The only thing we’re missing to discuss now is what we expose outside.
The mobile app and the mobile website look the same, and since I don’t think the organizers can afford separate teams for each platform, I would bet they’re built with a cross-platform framework like Flutter or React Native/Expo.
Anyways, the user’s handheld device communicates with our system via a set of REST APIs.
The Missing Cache
As you might have noticed, I deliberately left out a cache layer from the architecture diagram. With 3M users hammering leaderboards during live nights, a cache (e.g., Redis) in front of the database replicas would reduce read latency and protect the replicas from traffic spikes.
That said, caching brings its own complexities like cache invalidation (when do you refresh after a score update?) and stale data (users seeing outdated leaderboards). Given that the read replicas already offload traffic from the primary and that scores only change once per night, the replicas alone might handle the load just fine.
I’d treat caching as an optimization, rather than a day-one requirement.
Conclusion
We reached the end of our analysis, and the system resonates with me. You can find the final diagram in the repository.

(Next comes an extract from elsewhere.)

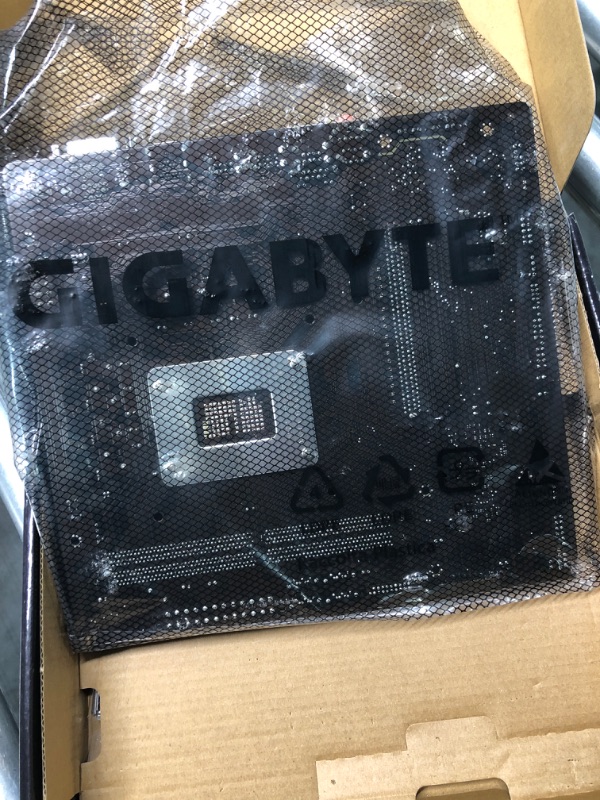 Photo 4 of GIGABYTE H610M S2H V2 DDR4 (H610/ Intel/LGA 1700/ Micro ATX/ DDR4/ Single M.2/ PCIe 4.0/ USB 3.2 Gen1/ Realtek GbE LAN/Motherboard) H610 H610M S2H V2 DDR4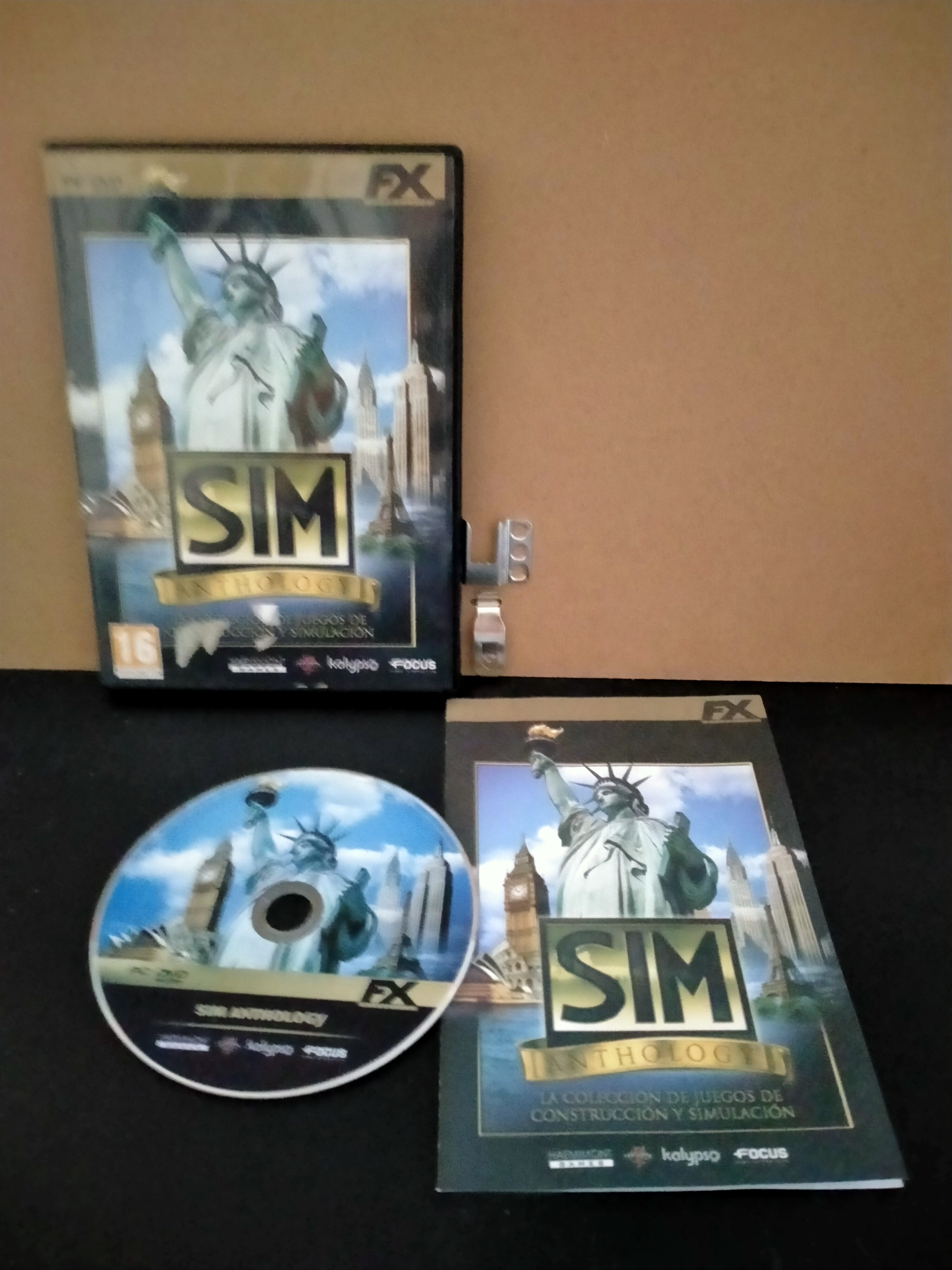 Edición física de Sim Anthology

Engineering a system follows the same set of rules everywhere, so I wouldn’t expect that many differences. Using a cloud provider might make some things easier or different, such as dispatching events and running functions/lambdas in response, but the data flow will likely remain similar.
I had so much fun designing this, and it also brought some learnings:
- Gathering requirements from a running system poses different challenges than those in greenfield projects. I had to adapt to what I saw rather than do what I had in mind.
- Achievements and gamification in general are not easy to get right, and introduce lots of complexities.
- Jobs look so ’90s, but they’re still so widely used!
That said, I’m still amazed by how simple and great this game is, and surprised by how incredible its traction was!